As an update, with three "active" carboys in the chamber the temps on the newest batch #9 are remaining stable as fermentation is vigorous.
Batch #7 (8 days old) was rotated to the lower rearmost position and has stabilized around 66, which i consider an acceptable amount of deviation from the chamber setpoint of 64 currently.
Thinking on the design, with my current 5 and 3 gallon carboys, its nice to be able to use the large tube for a blow off with minimal kinking due to height of the chamber, but for efficiency sake I would probably chop a few inches off the overall height and deal with having to be more creative regarding blowoffs for the lower shelf.
Also I could have made the chamber thinner to accommodate the milk crates more snugly, however I primarily just wanted to match the fridge dimensions.

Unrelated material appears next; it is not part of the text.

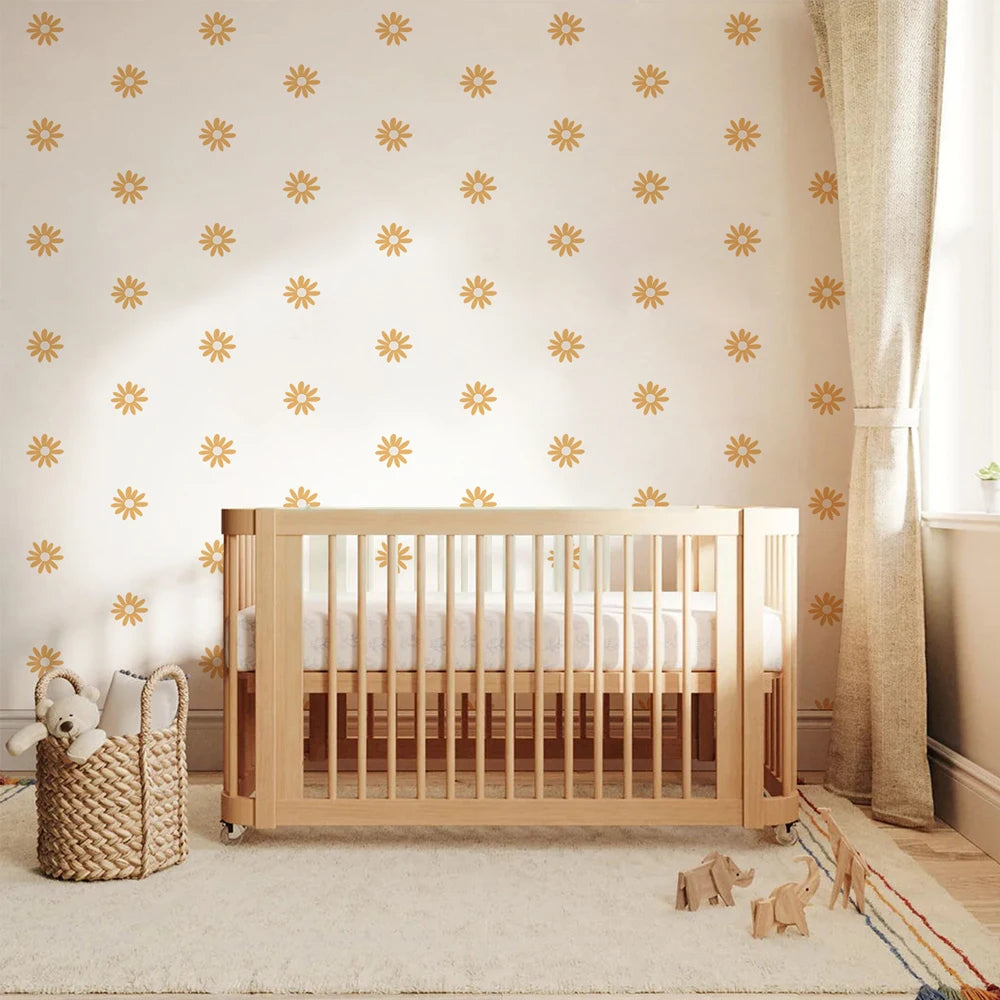 Yellow Daisy Wall Stickers for Kids Rooms Living Room Removable Baby Nursery Wall Paper Home Decoration Girls Room Interior-HomeDecorDecals_com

In the coming weeks I plan to add lighting, some more fans, and hopefully a rasberry pi so I can actually have useful consistently logged data to interpret.

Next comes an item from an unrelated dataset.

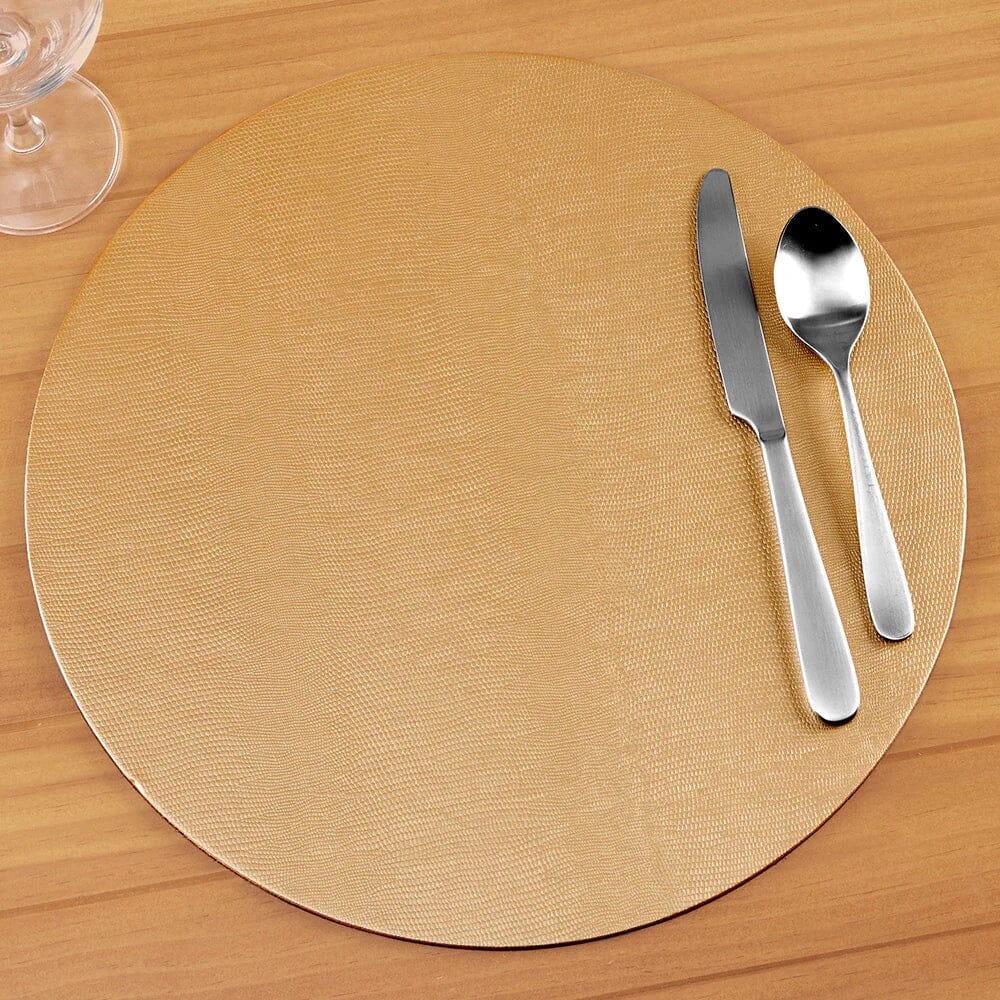 Caspari Round Faux Lizard Placemat - Platinum - BARNBURY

@Transamguy77 Id love to offer any help I can because I think that this is a great design for people that dont have the roughly 1/2 a room you need to dedicate for a typical chest freezer fermentation chamber.
Lastly, and this may make a huge difference, I have my chamber inside my house where it never gets hotter than 78, if it were outside in a garage Im almost certain the poor little thing wouldnt cope well. However I built this to be a minimal presence in a room, and moving forward I have some more aesthetic design choices in mind.